Master Apprentice Relationship

What does it mean to be an apprentice? I've been thinking about this a lot lately. Tsherin asked me to apply for the ACTA master/apprentice program with him for teaching traditional art forms. This is a serious proposal.

in the early 2000's, I started studying under Tsherin. I've gone through periods of becoming very serious of a student to being more lackadaisical about it. Mostly depending on the extra time I had free to devote when chasing money for work or with accessibility of Tsherin being in the country. the middle 2000's were a strange era with Tsherin not being able to renew his greencard because of stricter laws. A few of his students went to visit him during that time in Nepal. I couldn't afford to go. I always feel like the poor student. I can't afford commissioning him for paintings. With this bad economy, I've barely been able to afford classes even though I've had more free time again. Luckily Tsherin let me work something out until my finances became better.

So yes, I feel thrilled that he asked me to participate in this master/apprentice relationship with him. Now I'm trying to figure out how that will look. I'd love to have the opportunity to spend more time during the week to study under him When I'm practicing at home between class sessions I often feel like floundering around trying to find the right brushstroke. In class a few second's worth of instruction can solve an issue that I've been struggling with all week long.

My concerns aren't with a more intensive relationship. My concerns are with what the grant society wants. Both Tsherin and I want to preserve this traditional type of painting. One of Tsherin's teachers ,Kyentse norbu, even asked him to preserve a dying style of thangka painting.

The teachings that come from this core practice is helping both of us relate to who we are in our modern society. So a secondary type of relationship is coming about. Teaching how a Tibetan can become part of the west as well as how an American can be influenced by eastern thought.

That brings me to my second concern. Am I too "white" for the grant committee? I look at the pictures of the past grant award recipients and don't see people like me. Will my Polish/Scottish descent hinder me from being "traditional"? I think that is a question that will come up again and again throughout my contemporary art work about identity. what does it mean to be an american buddhist?

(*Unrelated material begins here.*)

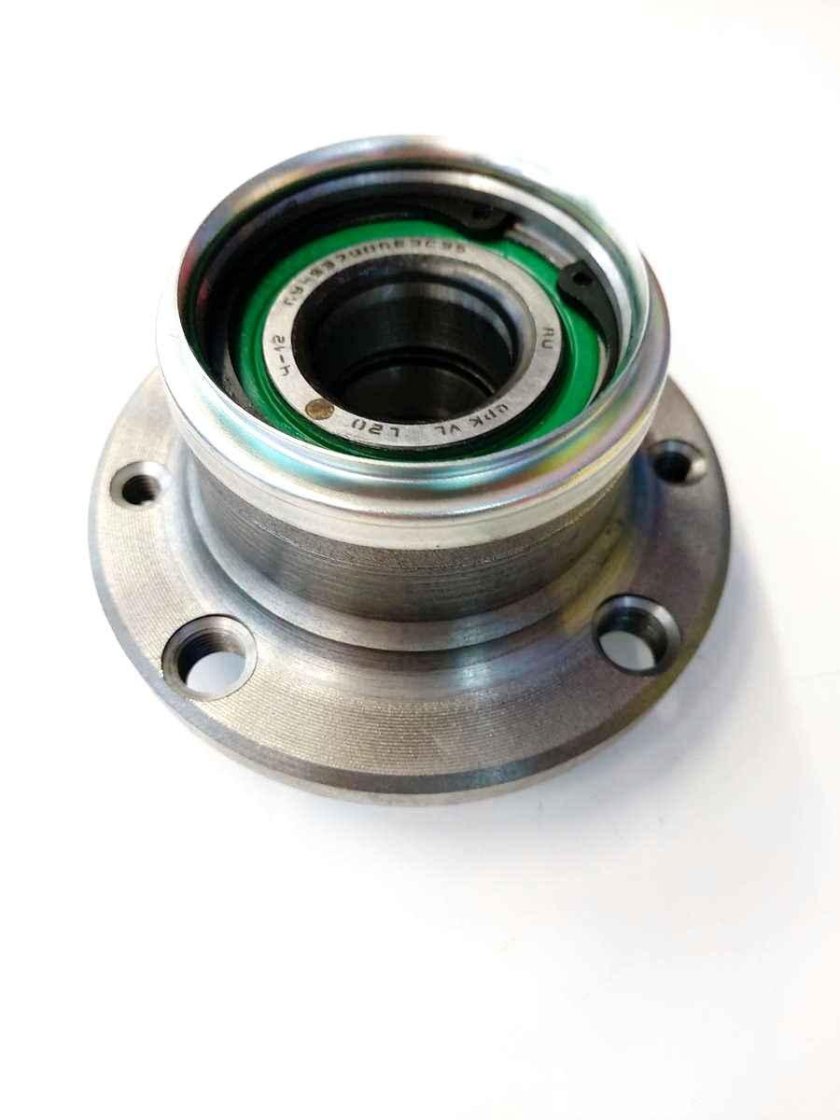 Ступица задняя в сборе 2190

I recently saw one of Gyonkar Gyatso's series of identity photos were he is portraying himself as what he sees as various parts of himself. That reminded me of this older photo of Tsherin in more traditional Tibetan garb painting away looking "authentic". People see Tsherin as a high lama because of his cultural heritage. And although he is probably the most amazing artist/craftsman/teachers that I've ever encountered, he is not a lama. Westerns have a tendency to see all Tibetans as already enlightened. We hold onto that concept as if they are glass dolls that shouldn't be corrupted by our degenerate american culture. For example, one of Tsherin's first memories of being in america occured during a teaching in Marin county. During a lunch break, a woman became very angry because she saw Tsherin drinking a can of coca-cola. He has been in our country for only a short while yet we have already corrupted him. No thought that people outside of america could have "western" attributes. and that is ok...

Maybe what we should learn out of this strange behavior is to treat everyone like they are already enlightened. Not just the Tibetans. Wouldn't that be amazing.